§ Exercise aim: Reproduce the top of the data verbatim, through and including the line that contains "Cartoon illustration of".

Extracted records
↓
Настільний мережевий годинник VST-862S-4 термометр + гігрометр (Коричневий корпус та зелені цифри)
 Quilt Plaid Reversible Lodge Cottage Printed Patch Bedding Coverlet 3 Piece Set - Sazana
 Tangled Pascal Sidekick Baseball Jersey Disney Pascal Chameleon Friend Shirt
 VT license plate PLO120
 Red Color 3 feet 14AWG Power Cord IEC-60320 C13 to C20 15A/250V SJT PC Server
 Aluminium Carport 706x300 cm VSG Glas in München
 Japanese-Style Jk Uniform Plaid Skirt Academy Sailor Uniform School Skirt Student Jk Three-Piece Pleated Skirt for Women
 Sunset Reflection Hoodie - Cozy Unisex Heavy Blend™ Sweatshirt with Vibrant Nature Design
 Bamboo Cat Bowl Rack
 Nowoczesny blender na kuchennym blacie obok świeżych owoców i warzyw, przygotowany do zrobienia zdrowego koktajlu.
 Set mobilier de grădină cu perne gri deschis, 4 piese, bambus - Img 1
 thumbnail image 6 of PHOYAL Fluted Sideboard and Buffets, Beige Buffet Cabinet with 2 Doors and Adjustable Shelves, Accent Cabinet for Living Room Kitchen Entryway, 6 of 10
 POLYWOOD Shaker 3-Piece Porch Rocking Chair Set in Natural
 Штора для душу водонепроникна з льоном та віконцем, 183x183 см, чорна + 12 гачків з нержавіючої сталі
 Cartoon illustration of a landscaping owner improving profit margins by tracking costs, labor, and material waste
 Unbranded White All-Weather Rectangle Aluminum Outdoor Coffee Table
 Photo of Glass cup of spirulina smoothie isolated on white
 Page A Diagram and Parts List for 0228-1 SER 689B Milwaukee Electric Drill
↑
§ Written reply:
Настільний мережевий годинник VST-862S-4 термометр + гігрометр (Коричневий корпус та зелені цифри)
 Quilt Plaid Reversible Lodge Cottage Printed Patch Bedding Coverlet 3 Piece Set - Sazana
 Tangled Pascal Sidekick Baseball Jersey Disney Pascal Chameleon Friend Shirt
 VT license plate PLO120
 Red Color 3 feet 14AWG Power Cord IEC-60320 C13 to C20 15A/250V SJT PC Server
 Aluminium Carport 706x300 cm VSG Glas in München
 Japanese-Style Jk Uniform Plaid Skirt Academy Sailor Uniform School Skirt Student Jk Three-Piece Pleated Skirt for Women
 Sunset Reflection Hoodie - Cozy Unisex Heavy Blend™ Sweatshirt with Vibrant Nature Design
 Bamboo Cat Bowl Rack
 Nowoczesny blender na kuchennym blacie obok świeżych owoców i warzyw, przygotowany do zrobienia zdrowego koktajlu.
 Set mobilier de grădină cu perne gri deschis, 4 piese, bambus - Img 1
 thumbnail image 6 of PHOYAL Fluted Sideboard and Buffets, Beige Buffet Cabinet with 2 Doors and Adjustable Shelves, Accent Cabinet for Living Room Kitchen Entryway, 6 of 10
 POLYWOOD Shaker 3-Piece Porch Rocking Chair Set in Natural
 Штора для душу водонепроникна з льоном та віконцем, 183x183 см, чорна + 12 гачків з нержавіючої сталі
 Cartoon illustration of a landscaping owner improving profit margins by tracking costs, labor, and material waste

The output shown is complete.